(Exercise materials Opens)

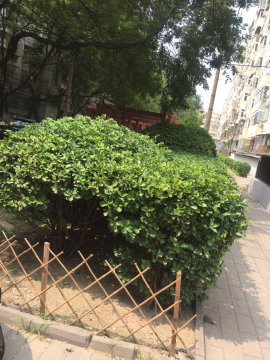 实景图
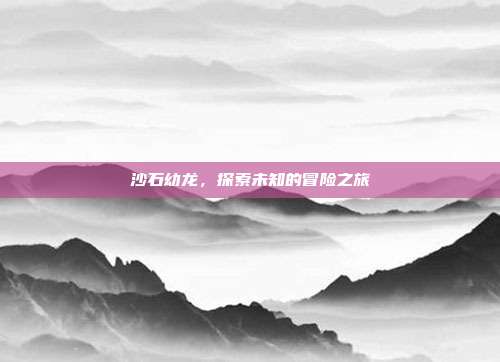 沙石幼龙,探索未知的冒险之旅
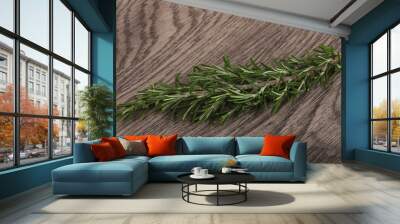 Rosemary branch Wall mural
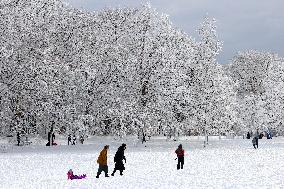 Snow During Winter Storm - NYC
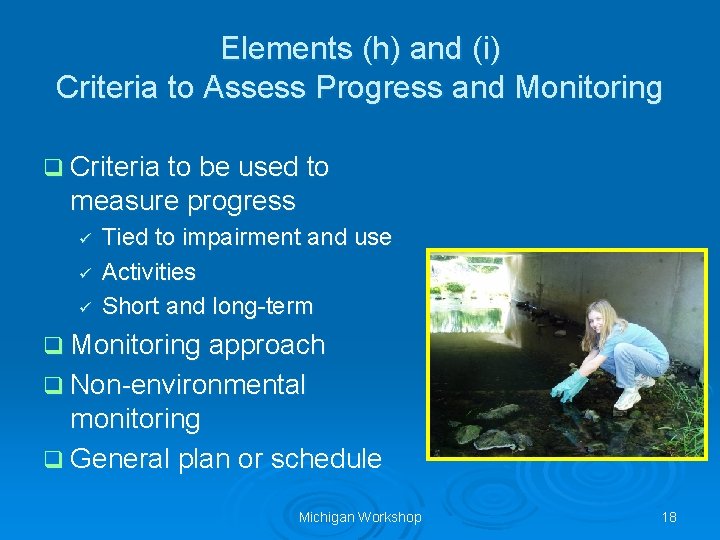 Elements (h) and (i) Criteria to Assess Progress and Monitoring q Criteria to be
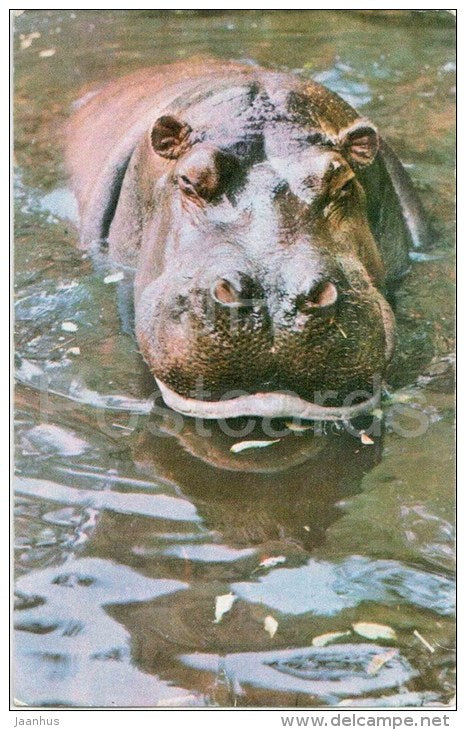 Hippopotamus - Hippopotamus amphibius - Zoo - 1973 - Russia USSR - unused - JH Postcards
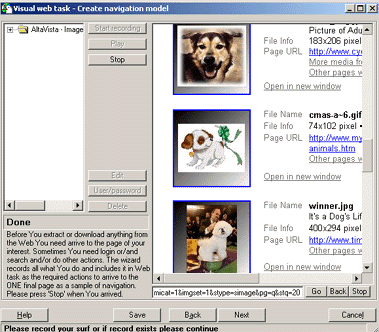 Visual Web Task Screenshot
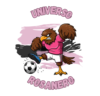 logo universo rosanero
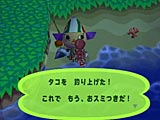タコが釣れた!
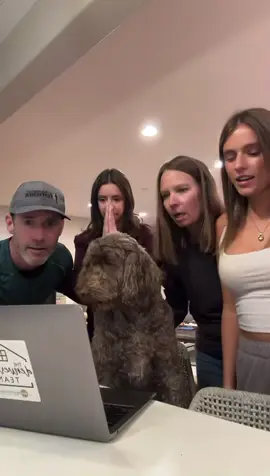 Our girl did it! Harvard Bound! Oldest dog to be admitted!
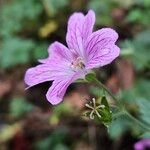 Geranium × oxonianum Cvet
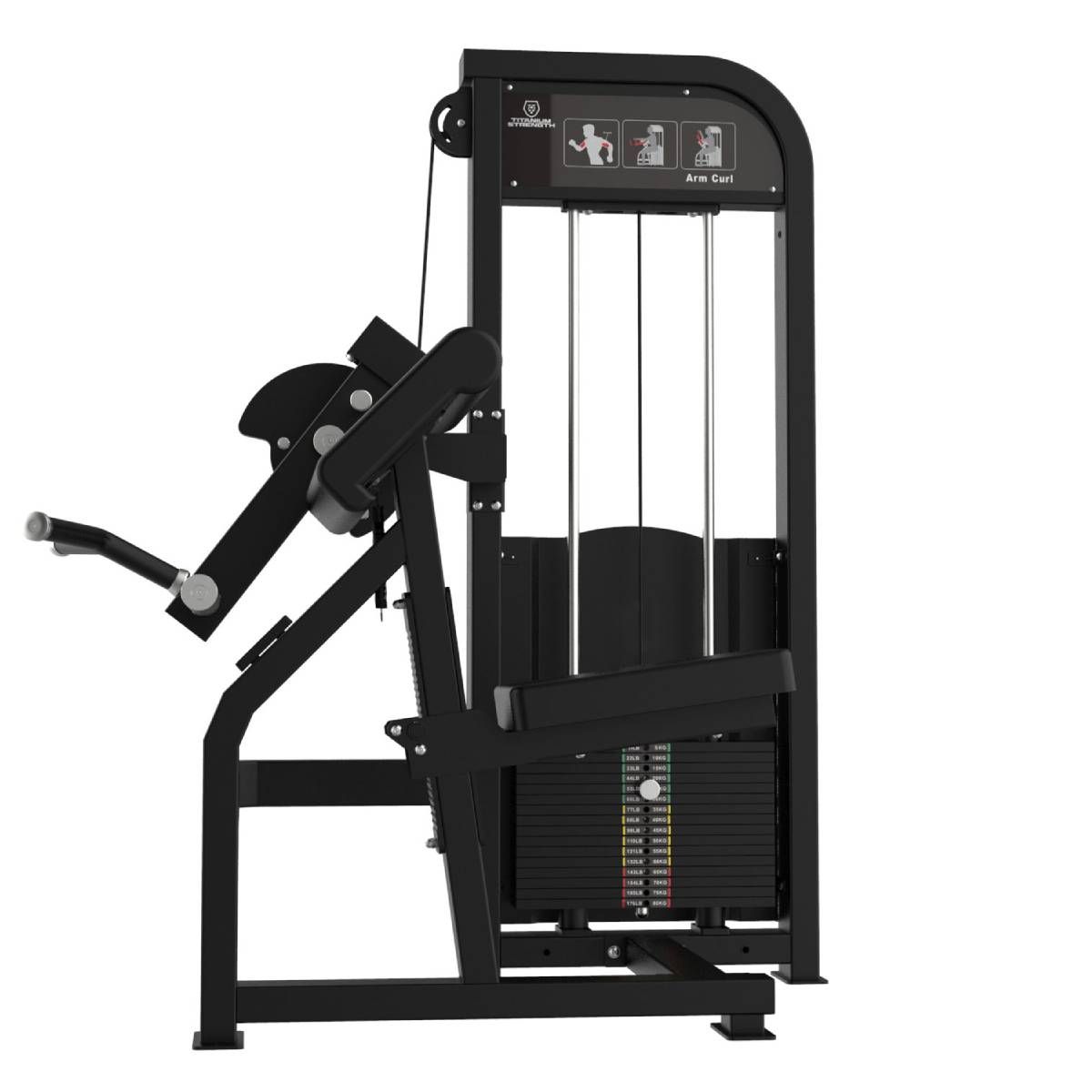 CURL DES BICEPS ELITE SERIES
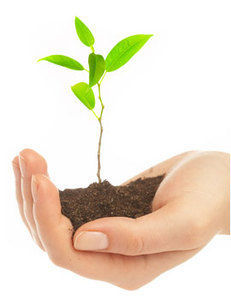 Pequenas atitudes para salvar o planeta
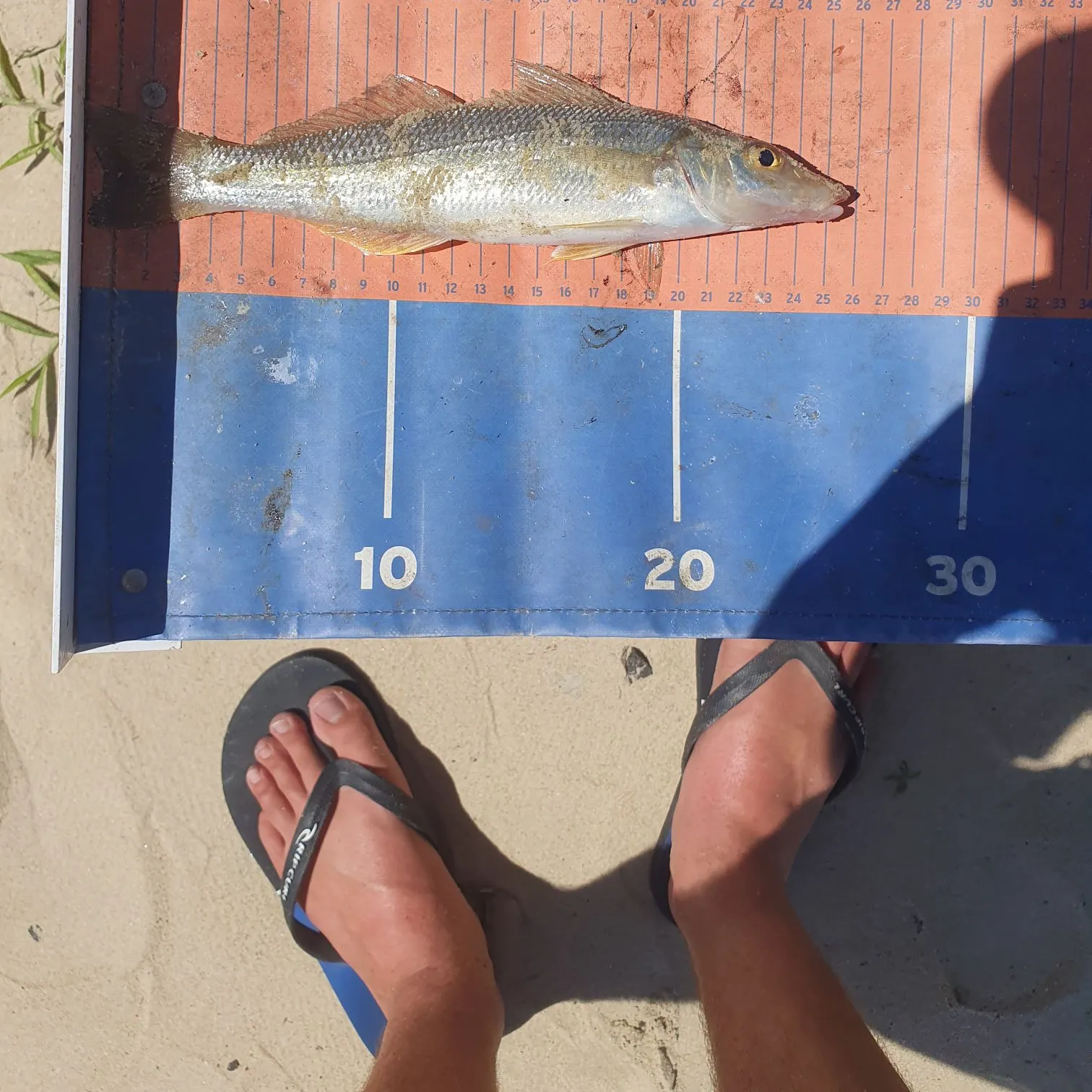 The most recent Sand sillago catches on Fishbrain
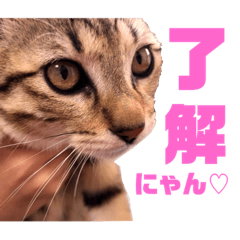 [LINEスタンプ] ネコの日常だにゃん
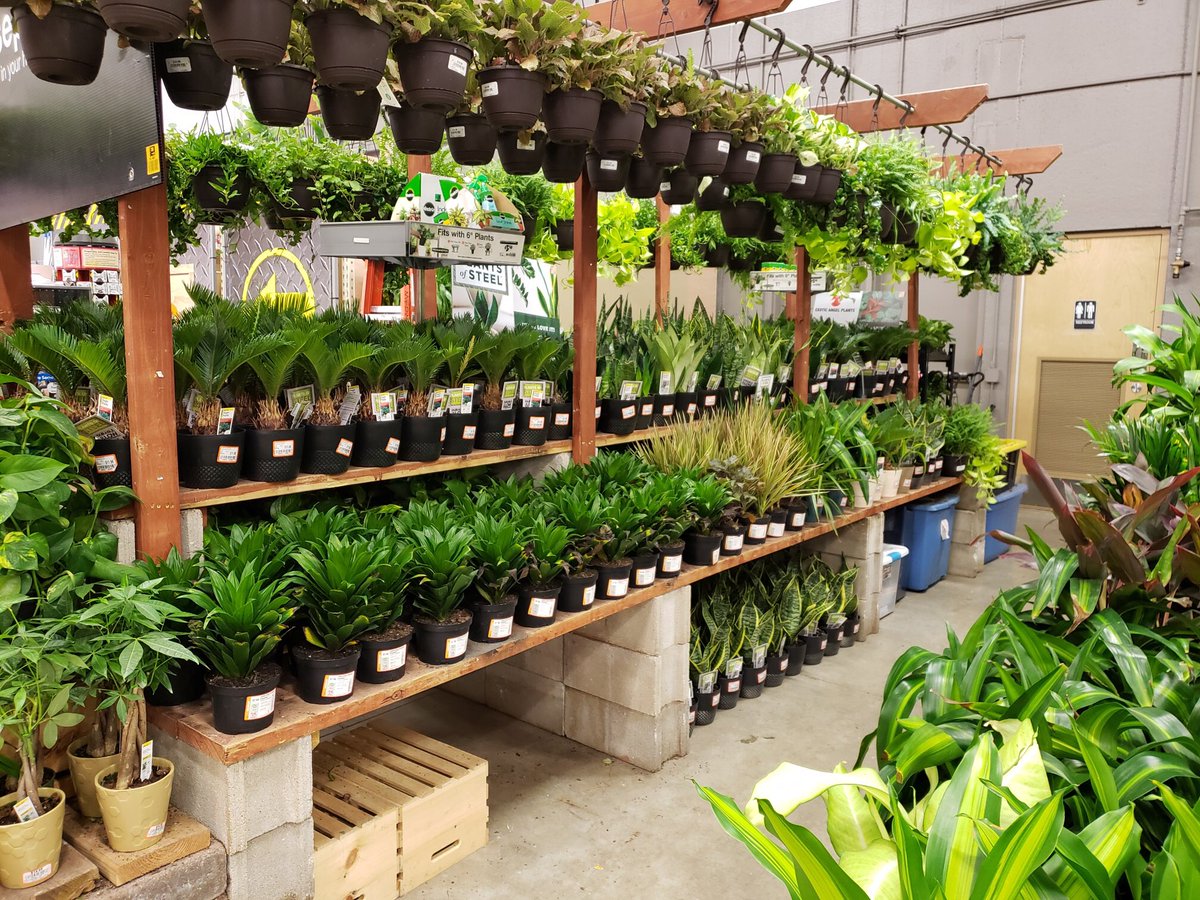 FarmsCosta's tweet photo. #HD1961 #setandready #thehomedepot โฆ@CherieVelez75โฉ https://t.co/k7QjGNYNgy
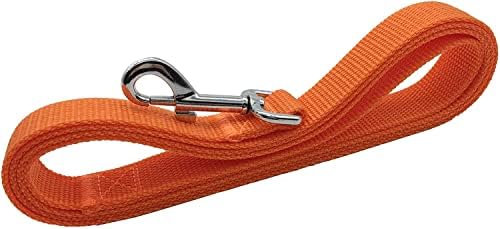TAIAN 4FT/5FT/6FT Strong Dog Leash, Nylon Dog Leashes for Small Medium Large Dogs (Orange, 1 in x 15 ft) - Image 3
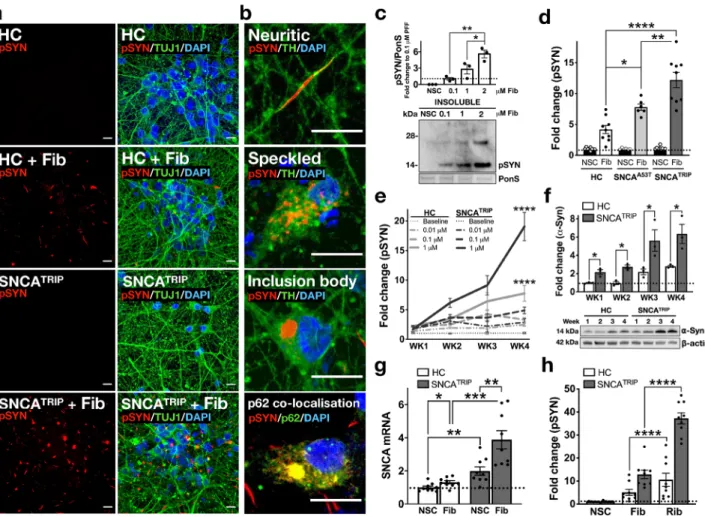 Fig. 1 Characterisation of α -synuclein seeded aggregation in iPSC-derived dopaminergic neurons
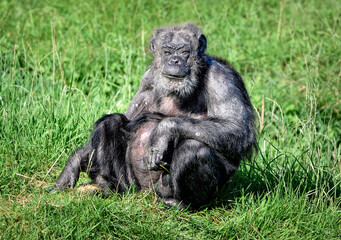 A close up of a very old Chimp (Chimpanzee)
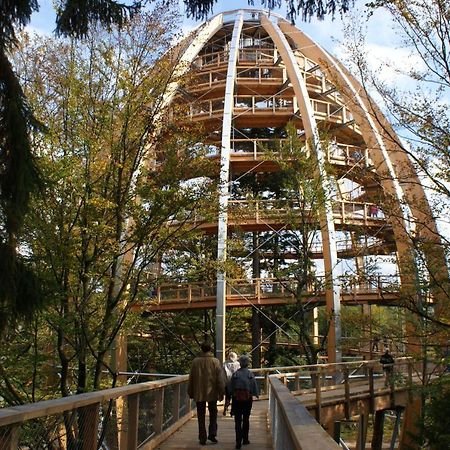 Haus Beate, Fewo Im Bienenparadies Kirchberg  Bagian luar foto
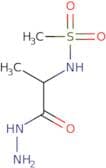 N-[1-(Hydrazinecarbonyl)ethyl]methanesulfonamide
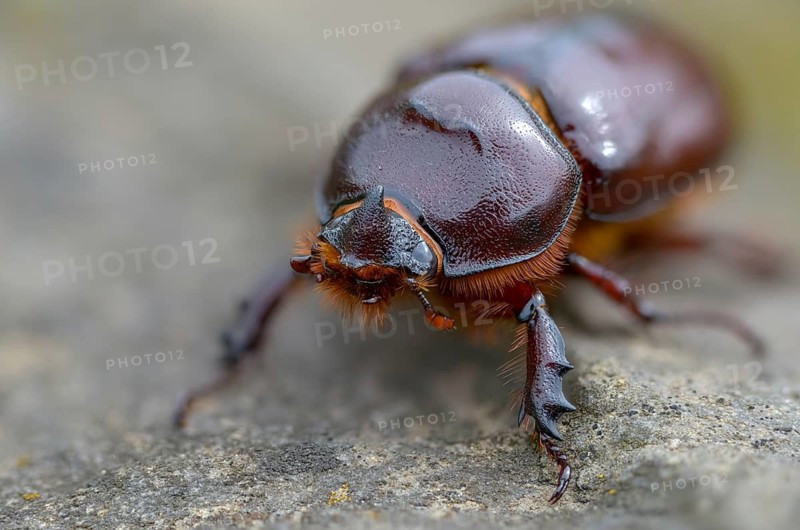 European rhinoceros beetle, rhinoceros beetle, oryctes nasicornis, rhinoceros beetle, beetle, coleoptera, insects, beetles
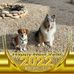 June Ackermann - Facebook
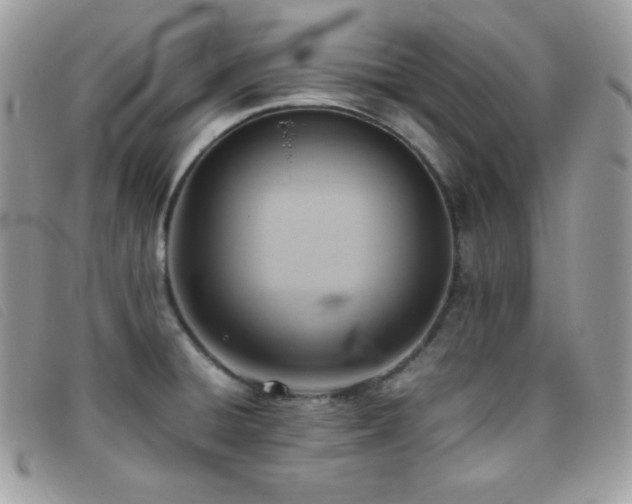 X0000095891428200801111145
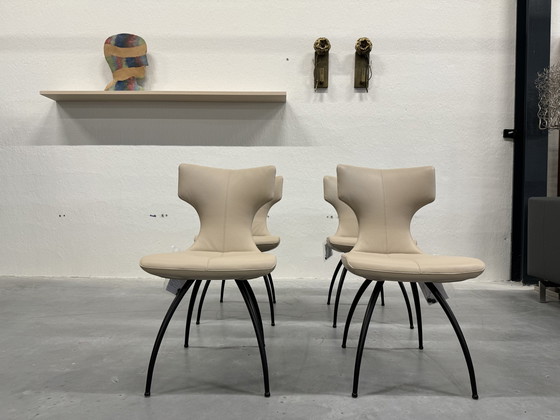 Image 1 of 4 Leolux Callas Dining Chairs Senso Blossom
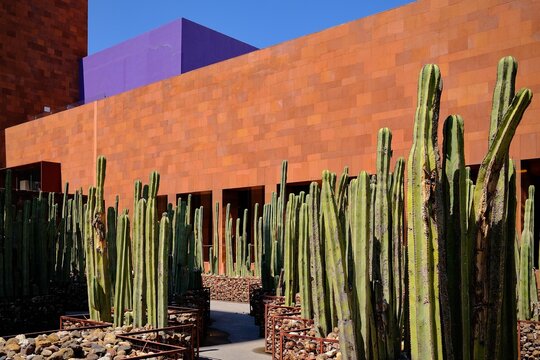 Cactus Garden at Museo Laberinto in Tangamanga Park (San Luis Potosi, San Luis Potosi, Mexico)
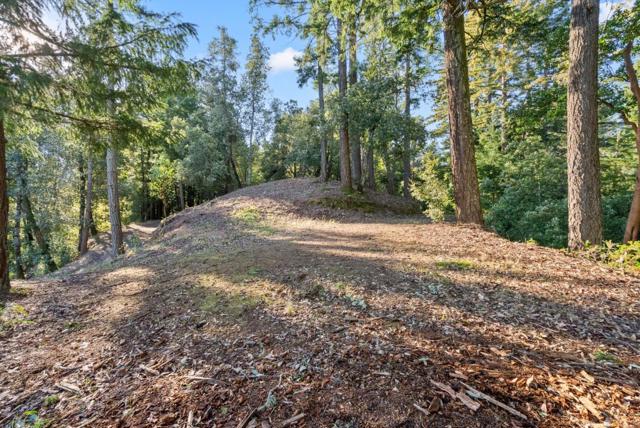 0 Allen, Woodside CA: https://media.crmls.org/mediaz/33803583-2973-425e-897e-04fec82603b0.jpg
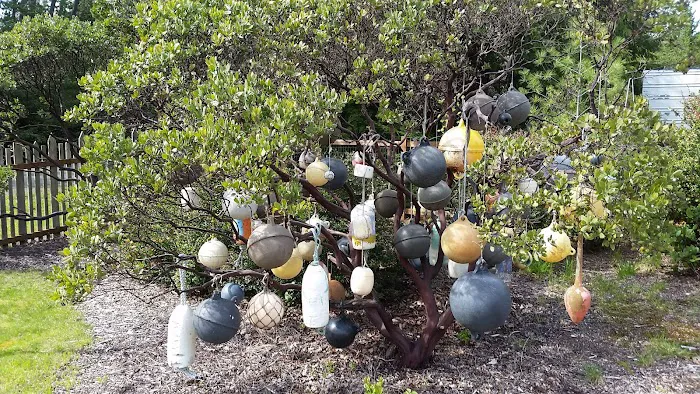 Nehalem Bay Trailer Park Picture 2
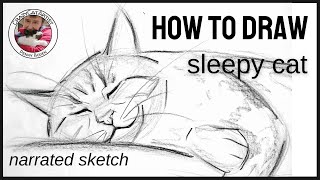 How to Draw Sleepy Tabby Cat Laying Down on Side smiley face forward view head shoulders and paw [upl. by Roseanne959]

(Exercise materials Closes)

[Work to complete]: Set down exactly the lines between the line containing "A close up of a very old Chimp (Chimpanzee)" and the end of the records above, both ends included; pictures stay out.

[Result for this task]:
 A close up of a very old Chimp (Chimpanzee)
 Haus Beate, Fewo Im Bienenparadies Kirchberg  Bagian luar foto
 N-[1-(Hydrazinecarbonyl)ethyl]methanesulfonamide
 European rhinoceros beetle, rhinoceros beetle, oryctes nasicornis, rhinoceros beetle, beetle, coleoptera, insects, beetles
 June Ackermann - Facebook
 X0000095891428200801111145
 Image 1 of 4 Leolux Callas Dining Chairs Senso Blossom
 Cactus Garden at Museo Laberinto in Tangamanga Park (San Luis Potosi, San Luis Potosi, Mexico)
 0 Allen, Woodside CA: https://media.crmls.org/mediaz/33803583-2973-425e-897e-04fec82603b0.jpg
 Nehalem Bay Trailer Park Picture 2
 How to Draw Sleepy Tabby Cat Laying Down on Side smiley face forward view head shoulders and paw [upl. by Roseanne959]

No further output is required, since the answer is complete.